* _TASK ITEM_
In the entries that follow, repeat exactly the lines from the one that has "Behind the scenes." through the one that has "Love Me (FARMX)", but omit pictures.
[[ EXERCISE DATA, beginning ]]
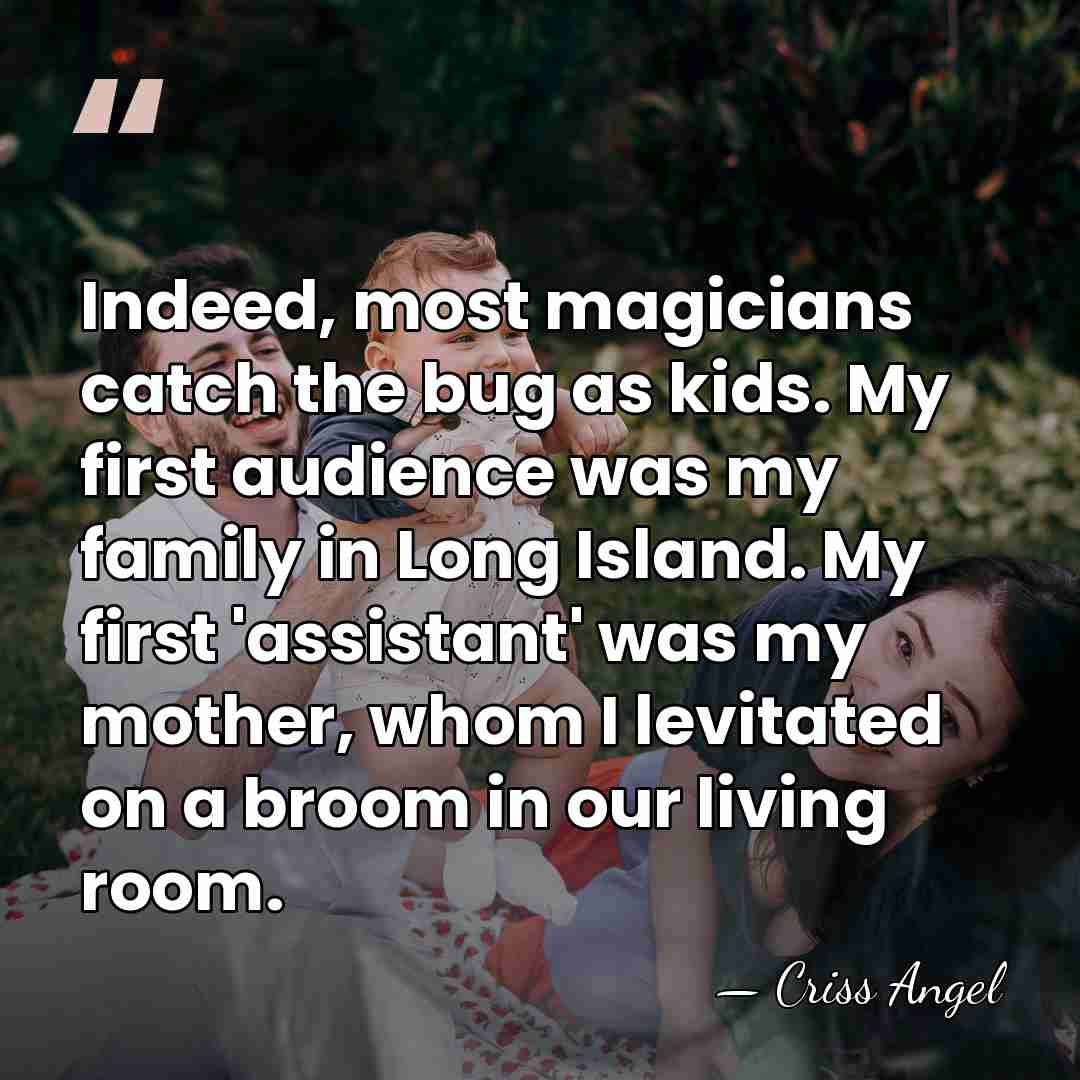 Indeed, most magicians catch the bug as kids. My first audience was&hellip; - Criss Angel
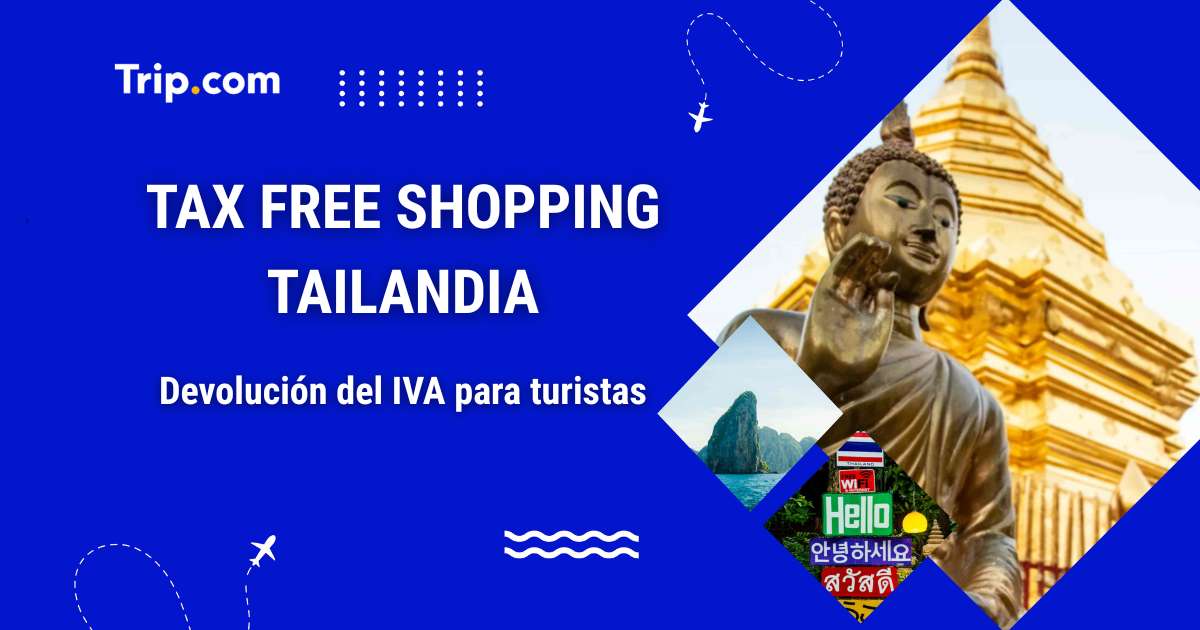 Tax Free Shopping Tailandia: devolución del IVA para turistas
[[ EXERCISE DATA, end ]]
[[ EXERCISE DATA, beginning ]]
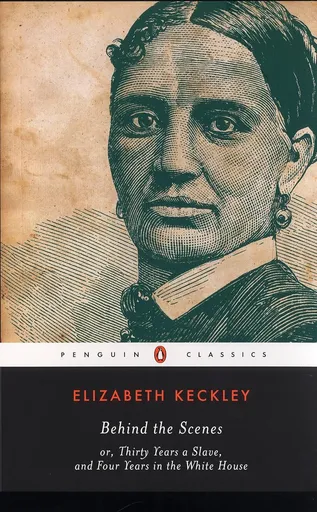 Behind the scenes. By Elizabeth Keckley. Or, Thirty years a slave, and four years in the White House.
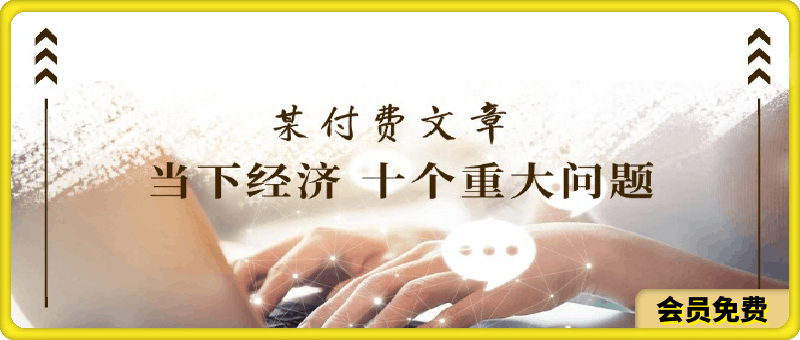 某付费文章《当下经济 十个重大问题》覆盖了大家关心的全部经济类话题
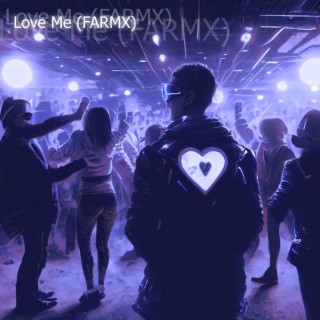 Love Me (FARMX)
[[ EXERCISE DATA, end ]]
* _WRITTEN REPLY_
 Behind the scenes. By Elizabeth Keckley. Or, Thirty years a slave, and four years in the White House.
 某付费文章《当下经济 十个重大问题》覆盖了大家关心的全部经济类话题
 Love Me (FARMX)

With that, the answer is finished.